The determination of the three-dimensional structure of hadrons in terms of the fundamental quark and gluon (or parton) degrees of freedom of QCD is a central mission of the Jefferson Lab science program. The Theory Center plays a leading role in the development of new formalisms and techniques to quantify this structure through various quantum correlation functions (QCFs), such as parton distribution functions (PDFs), fragmentation functions (FFs), transverse momentum dependent distributions (TMDs), generalized parton distributions (GPDs), and multi-parton correlation functions.

As well as developing the theoretical foundations of the QCF studies through collinear or TMD factorization, a critical part of this program is the extraction of the partonic structures from the experimental data. This is achieved through global QCD analyses, using modern Bayesian inference techniques, in close collaboration with experimental physicists. The Jefferson Lab Angular Momentum (JAM) Collaboration is pioneering a multi-step Monte Carlo approach [1,2] to the analysis of spin-averaged and spin-dependent PDFs, FFs and TMDs (see figure), to reliably sample Bayesian posterior distributions for parameters and produce robust uncertainty quantification, while the CTEQ-Jefferson Lab (CJ) Collaboration [3] utilizes extensive experience with single fit technology to focus in particular on spin-averaged PDFs at large parton momentum fractions, x.

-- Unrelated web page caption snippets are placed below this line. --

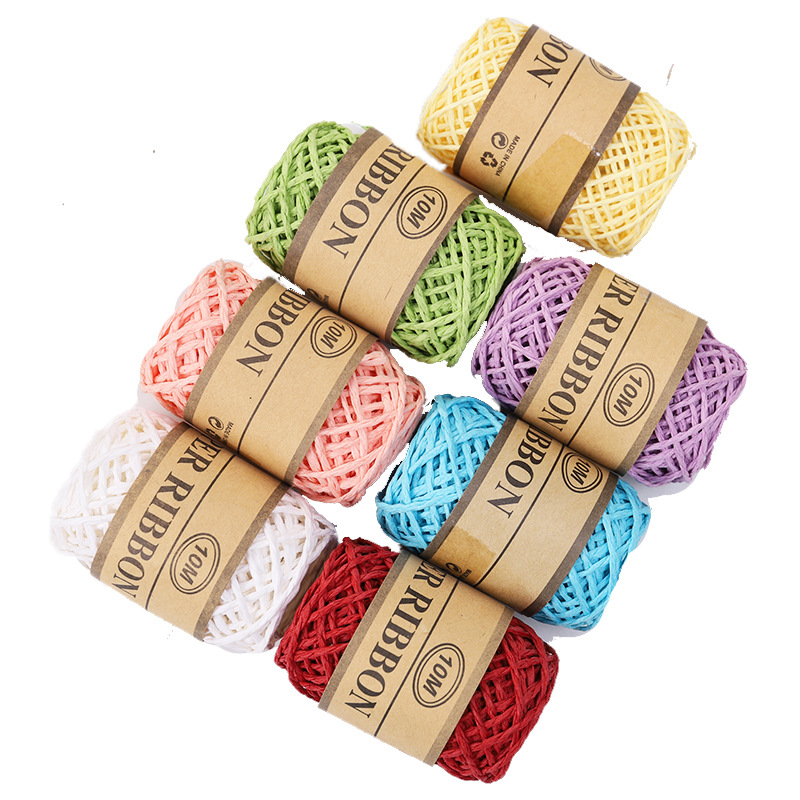 Raffia-garen voor breien en haken, lintdraden voor geschenkverpakking, touwambachten, doe-het-zelf, 7 strengen, 70 m,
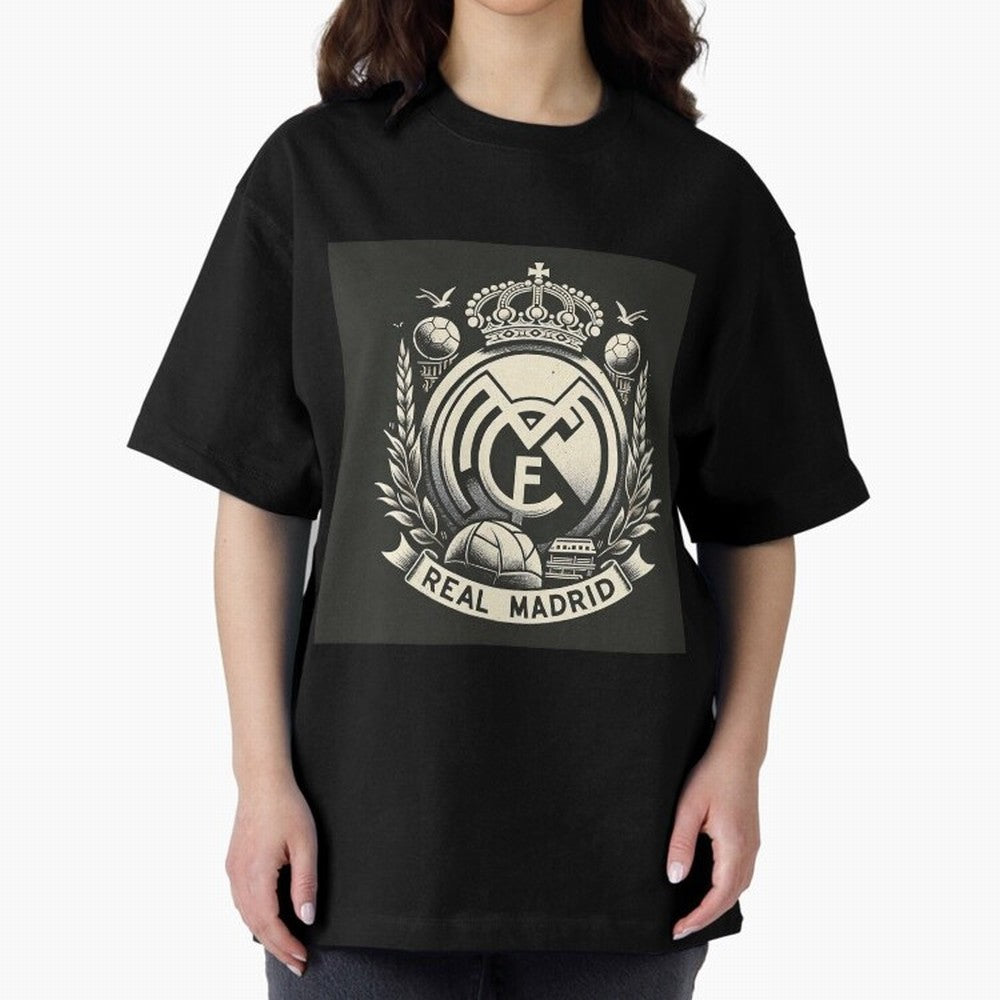 VIntage Style Real Madrid Logo Oversized T-Shirt Represent Football Lovers during FIFA World Cup 2026 for Fans of CR7 and Netherlands, Bringing Fan Favorite Moments, National Team Passion, Big Match Drama and Soccer History; Made for Collectors Who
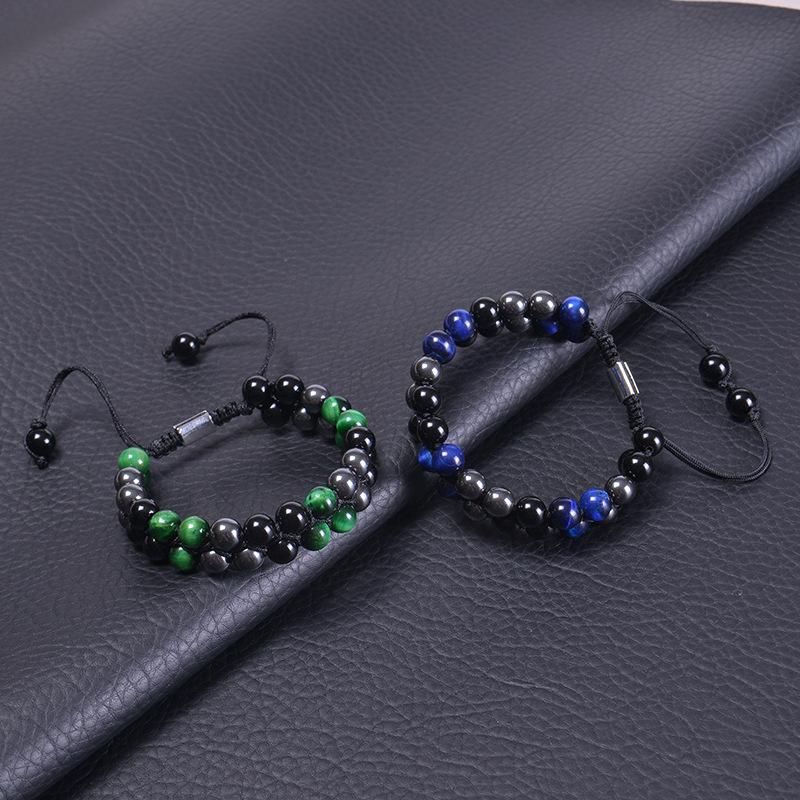 Trippel Skydd Armband 8mm Pärlor Armband Tigeröga Svart Obsidian Hematit Armband för Män Kvinnor Helande Kristall Armring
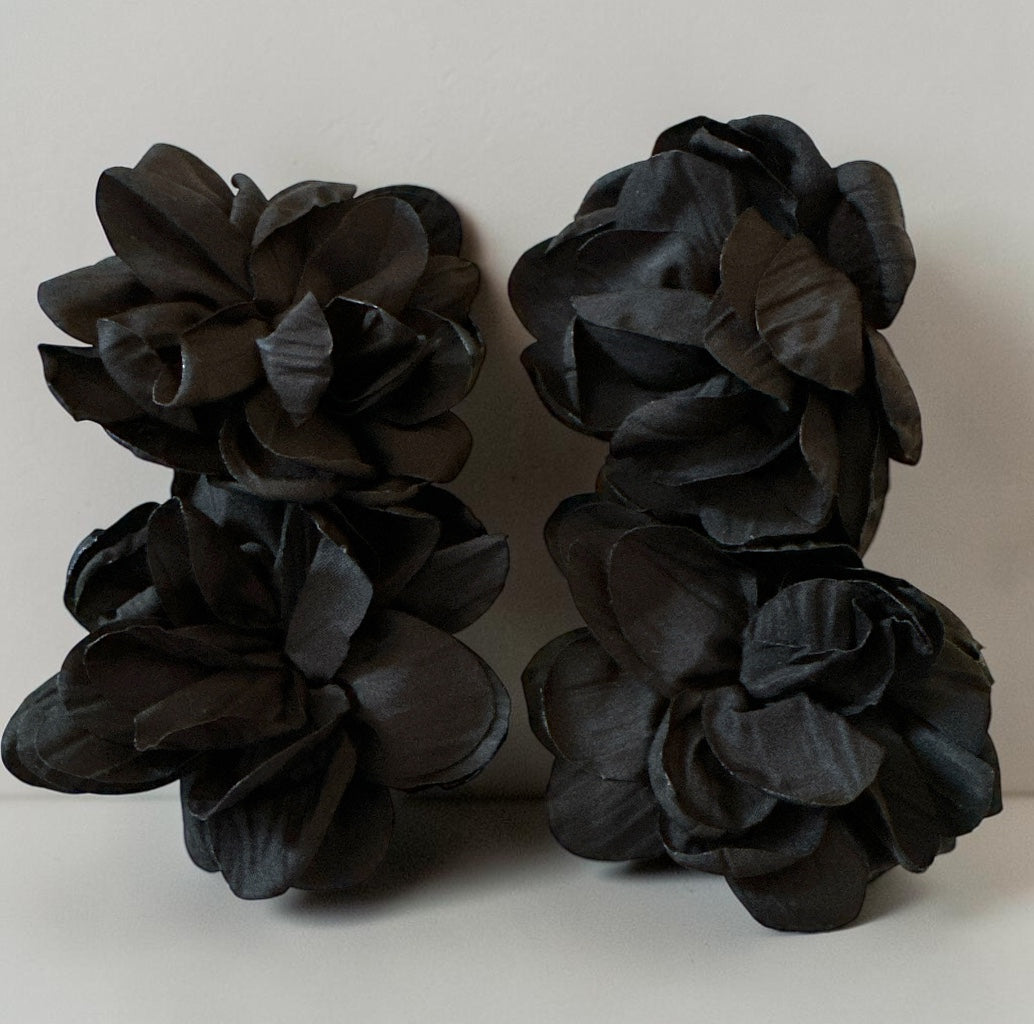 Black Bohemian Flower Statement Drop Earrings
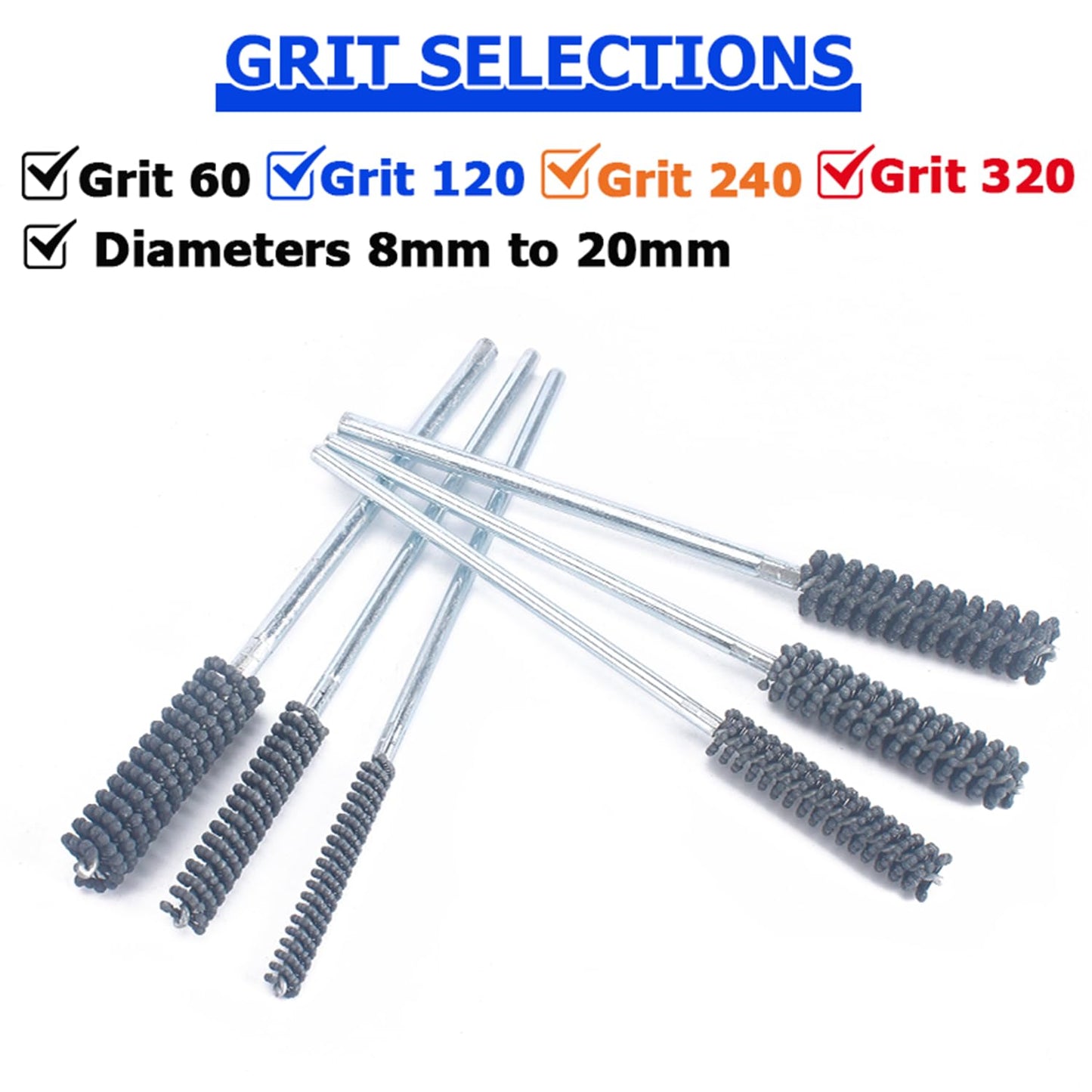 0.591"(15mm) Cylinder Hone Brush with Round Carbon Steel Shank in 120 Grit SiC Abrasive Nylon Balls for Deburring Small Engine Cylinders Brake Piston Rings Guides Tubes Cam Bearings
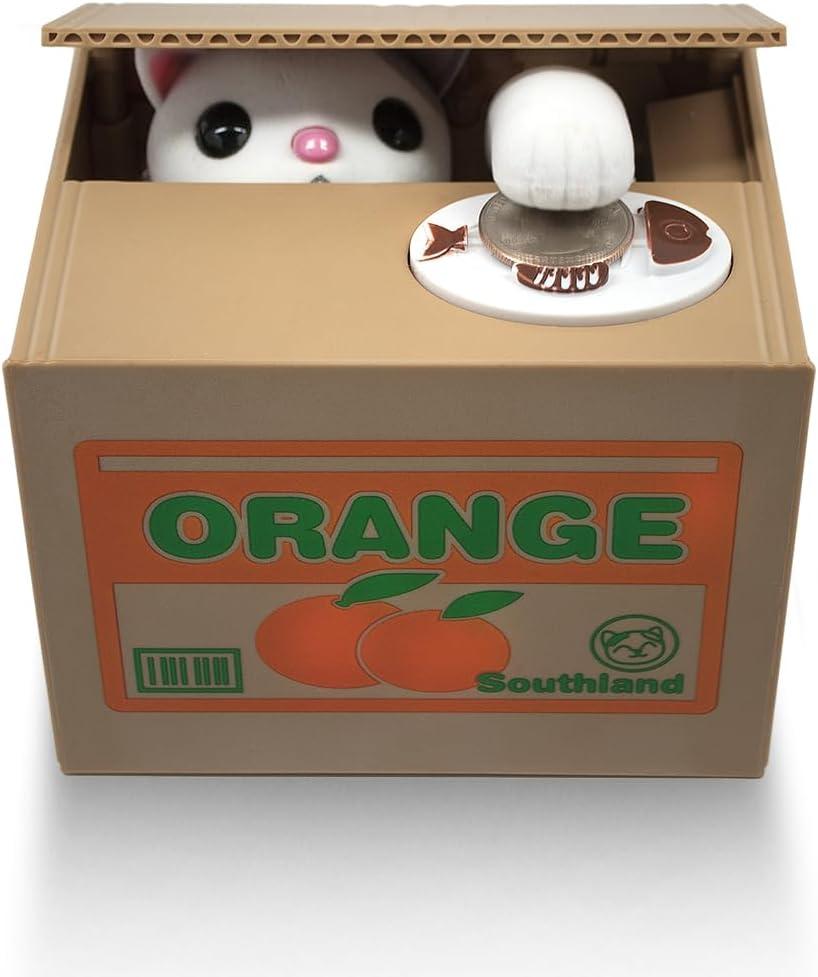 Matney Stealing Coin Cat Box- Piggy Bank - White Kitty - English Speaking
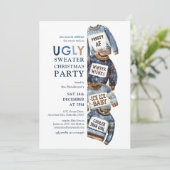 Ugly Sweaters Weihnachtsfeier Party Einladung (Stehend Vorderseite)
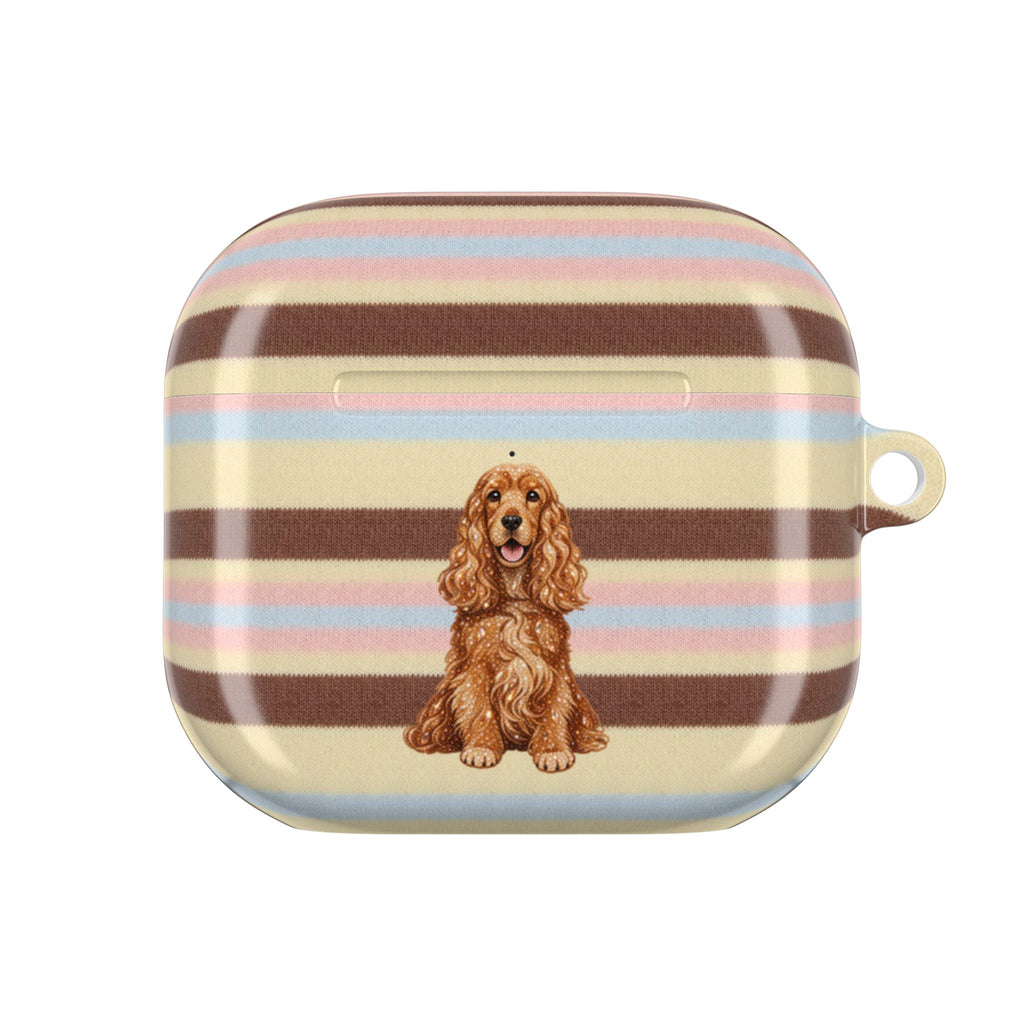 BUTTERSCOTCH STRIPES SPANIEL DOG AIRPOD CASE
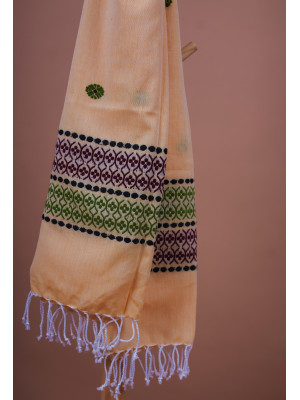 COTTON PALE APRICOT HANDWOVEN STOLE COTTON PALE APRICOT HANDWOVEN STOLE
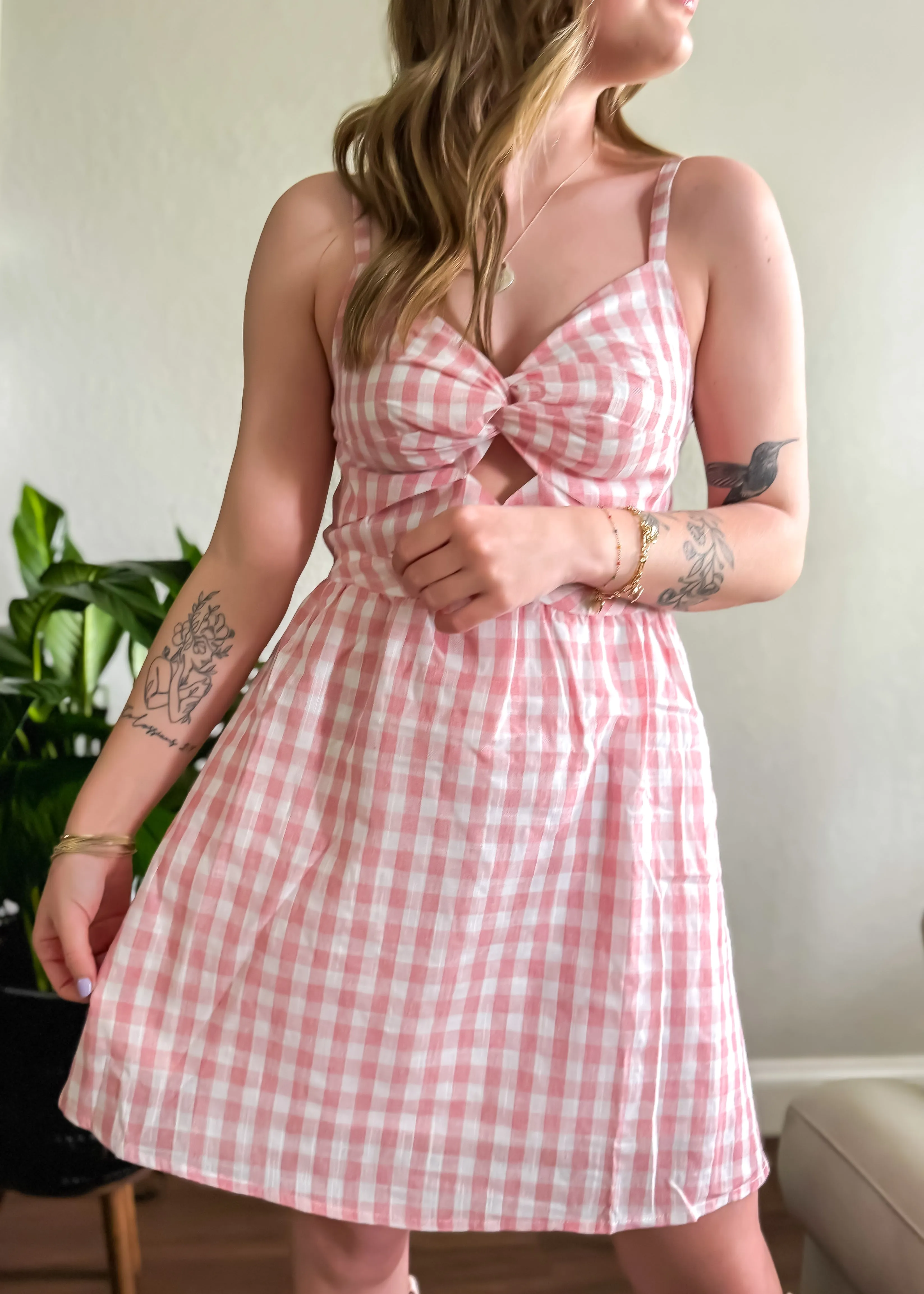 Flower Picking Mini Dress | Blush Pink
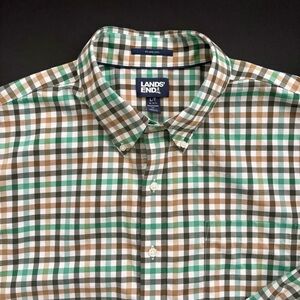 Lands’ End Men’s Large Tall Traditional Fit No Iron Twill Button Down Shirt 16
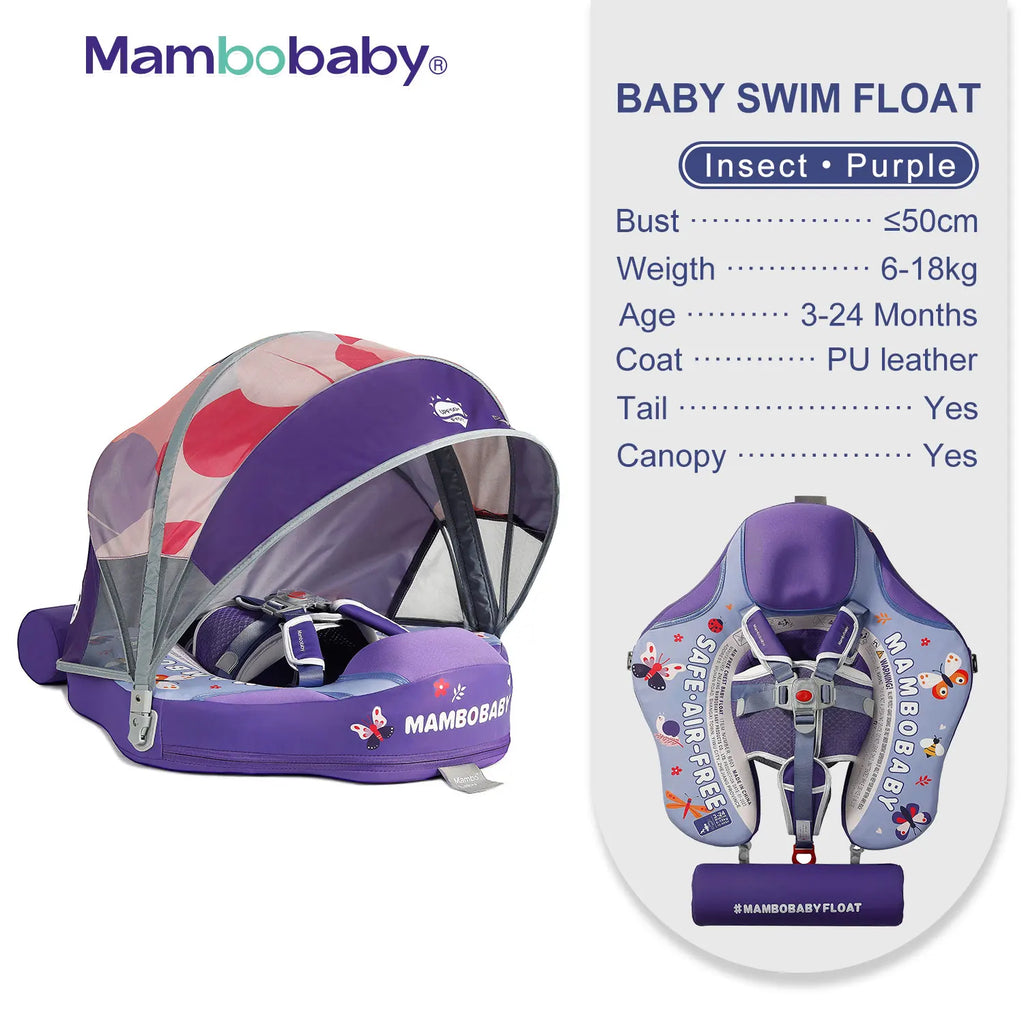 Animal Float/ Non-Inflatable Safe Solid Core Baby Swimming Buoy Water Trainer/ Infant Pool Swim Ring with Canopy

An important feature of the JAM analyses is the simultaneous determination of various QCFs which are interdependent in some observables, such as semi-inclusive DIS.

"Plots of parton distribution functions of various flavors as a function of x from JAM compared with other determinations."

Comparison of the JAM19 Monte Carlo analysis of unpolarized PDFs for various flavors with recent other PDF determinations [1].

Extensions of the global QCD analysis paradigm have recently explored using lattice QCD data as an additional constraint on QCFs, especially in cases where there are limitations on what experimental data can constrain. This has synergies with recent developments in the calculations of the x dependence of QCFs, through the quasi-PDFs, pseudo-PDFs or lattice cross sections approaches [4].

For nuclei, studies have focused on nuclear medium modifications in light nuclei, for which the nuclear wave functions are better determined. The possible role of short-range correlations and nucleon off-shell effects is being examined in phenomenological and theoretical approaches to ascertain their role in the nuclear EMC effect [5].

The JLab Theory Center also plays a leading role in developing the physics case, including detailed impact studies, for next-generation studies of partonic structure with the EIC [6].

[1] N. Sato, C. Andres, J. J. Ethier, W. Melnitchouk, Phys. Rev. D 101, 074020 (2020).

[2] P. C. Barry, N. Sato, W. Melnitchouk and C.-R. Ji, Phys. Rev. Lett. 121, 152001 (2018).

[3] A. Accardi et al., Phys. Lett. B 801, 135143 (2020).

[4] J. Bringewatt, N. Sato, W. Melnitchouk, J. W. Qiu, F. Steffens and M. Constantinou, Phys. Rev. D 103, 016003 (2021).

[5] X. G. Wang, A. W. Thomas and W. Melnitchouk, Phys. Rev. Lett. 125, 262002 (2020).

[6] R. Abdul Khalek et al., arXiv:2103.05419 [physics.ins-det].